I don't think it's really an improvement. There's only the one
rmi_granule_delegate() call (for the REC page itself). The RecParams and
RecRun pages are not delegated because they are shared with the host. It
would also hide the structure setup within the new
alloc_rec_aux_and_rec() function.

>> +	r = alloc_rec_aux(rec->aux_pages, params->aux, realm->num_aux);
>> +	if (r)
>> +		goto out_undelegate_rmm_rec;
>> +
>> +	params->num_rec_aux = realm->num_aux;
>> +	params->mpidr = mpidr;
>> +
>> +	if (rmi_rec_create(rec_page_phys,
>> +			   virt_to_phys(realm->rd),
>> +			   virt_to_phys(params))) {
>> +		r = -ENXIO;
>> +		goto out_free_rec_aux;
>> +	}
>> +
>> +	rec->mpidr = mpidr;
>> +
>> +	free_page((unsigned long)params);
>> +	return 0;
>> +
>> +out_free_rec_aux:
>> +	free_rec_aux(rec->aux_pages, realm->num_aux);
>> +out_undelegate_rmm_rec:
>> +	if (WARN_ON(rmi_granule_undelegate(rec_page_phys)))
>> +		rec->rec_page = NULL;
>> +out_free_pages:
>> +	free_page((unsigned long)rec->run);
>> +	free_page((unsigned long)rec->rec_page);
>> +	free_page((unsigned long)params);
>> +	return r;
>> +}
>> +
>> +void kvm_destroy_rec(struct kvm_vcpu *vcpu)
>> +{
>> +	struct realm *realm = &vcpu->kvm->arch.realm;
>> +	struct rec *rec = &vcpu->arch.rec;
>> +	unsigned long rec_page_phys;
>> +
>> +	if (!vcpu_is_rec(vcpu))
>> +		return;
>> +
>> +	rec_page_phys = virt_to_phys(rec->rec_page);
>> +
>> +	if (WARN_ON(rmi_rec_destroy(rec_page_phys)))
>> +		return;
>> +	if (WARN_ON(rmi_granule_undelegate(rec_page_phys)))
>> +		return;
>> +
> 
> The two returns above feels off.
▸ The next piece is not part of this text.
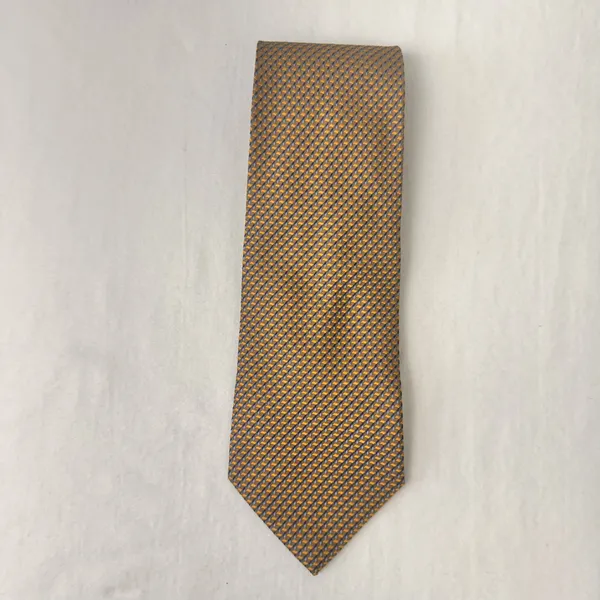 Ashton Rhodes Vintage Silk Tie Mens Gold Multicolor Geometric Necktie Office - Image 5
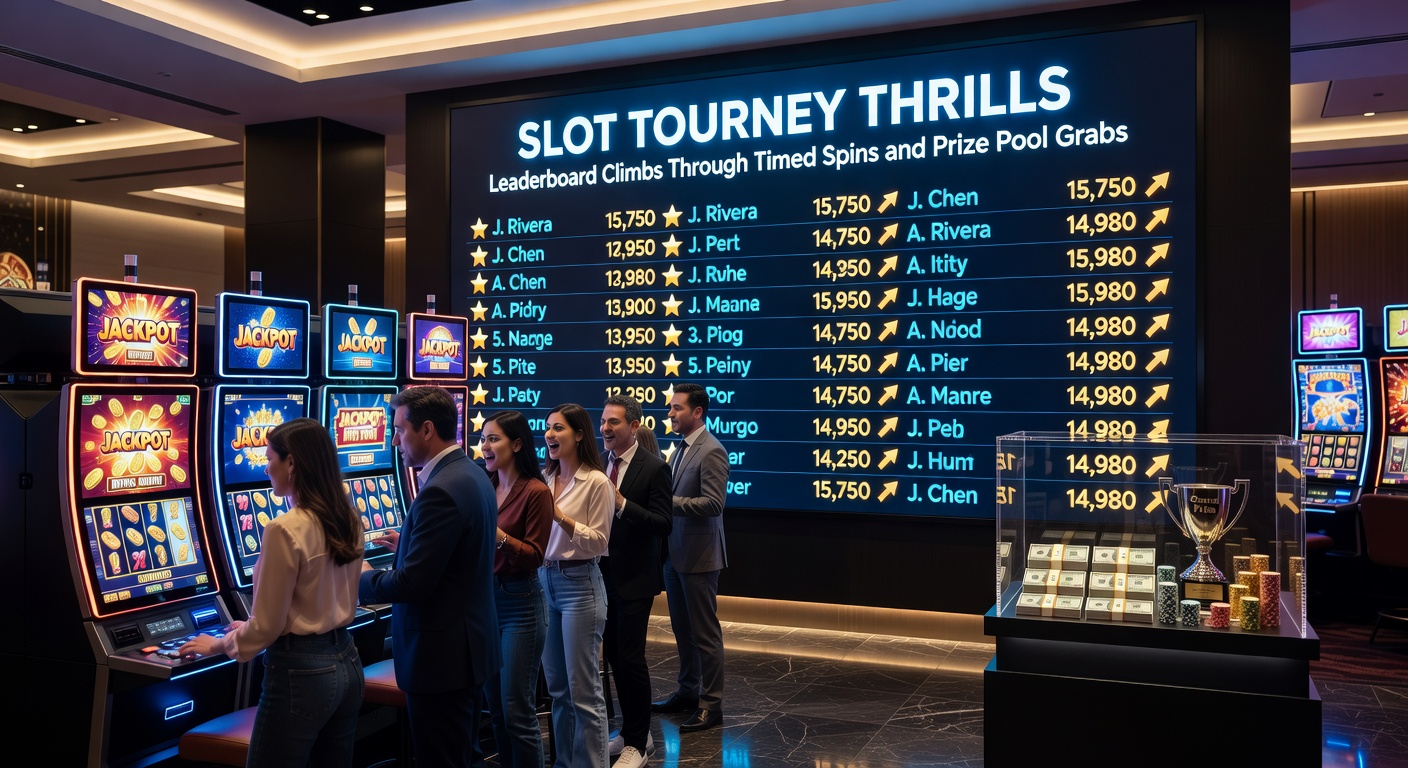 Leiderbord close-up tijdens een intens slottoernooi met timed spins en spelers die vechten om prijsgeld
What is the reason to skip the below page
> undelegates?

The reason is the usual: if we fail to undelegate then the pages have to
be leaked. I'll add some comments. However it does look like I've got
the order wrong here, if the undelegate fails for rec_page_phys it's
possible that we might still be able to free the rec_aux pages (although
something has gone terribly wrong for that to be the case).

I'll change the order to:

  /* If the REC destroy fails, leak all pages relating to the REC */
  if (WARN_ON(rmi_rec_destroy(rec_page_phys)))
	return;

  free_rec_aux(rec->aux_pages, realm->num_aux);

  /* If the undelegate fails then leak the REC page */
  if (WARN_ON(rmi_granule_undelegate(rec_page_phys)))
	return;

  free_page((unsigned long)rec->rec_page);

If the rmi_rec_destroy() call has failed then the RMM should prevent the
undelegate so there's little point trying.

Steve

>> +	free_rec_aux(rec->aux_pages, realm->num_aux);
>> +	free_page((unsigned long)rec->rec_page);
>> +}
>> +
>>  int kvm_init_realm_vm(struct kvm *kvm)
>>  {
>>  	struct realm_params *params;
>
Zhi Wang March 4, 2023, 12:46 p.m. UTC | #3
On Fri, 3 Mar 2023 14:05:02 +0000
Steven Price <steven.price@arm.com> wrote:

> On 13/02/2023 18:08, Zhi Wang wrote:
> > On Fri, 27 Jan 2023 11:29:14 +0000
> > Steven Price <steven.price@arm.com> wrote:
> > 
> >> The RMM maintains a data structure known as the Realm Execution Context
> >> (or REC). It is similar to struct kvm_vcpu and tracks the state of the
> >> virtual CPUs. KVM must delegate memory and request the structures are
> >> created when vCPUs are created, and suitably tear down on destruction.
> >>
> > 
> > It would be better to leave some pointers to the spec here. It really saves
> > time for reviewers. /
> 
> Fair enough. I wasn't sure how often to repeat the link to the spec, but
> a few more times wouldn't hurt ;)

Based on my review experience, the right time would be when a new concept is
first on the table.

For example, the concept REC appears in this patch series for the first time, it
would be nice to have following things in the comments:

1) Basic summary of the concept. Several sentences help people to understand
what it is, what it is used for, what/when it is required (mostly this would be
helpful on denoting the interaction with existing flows), and then eventually how
it will interact with the existing flows. It would be good enough for people who
don't have time to dig the concept itself but want to review the interaction flow
with the component they are familiar with or the area they are working on. 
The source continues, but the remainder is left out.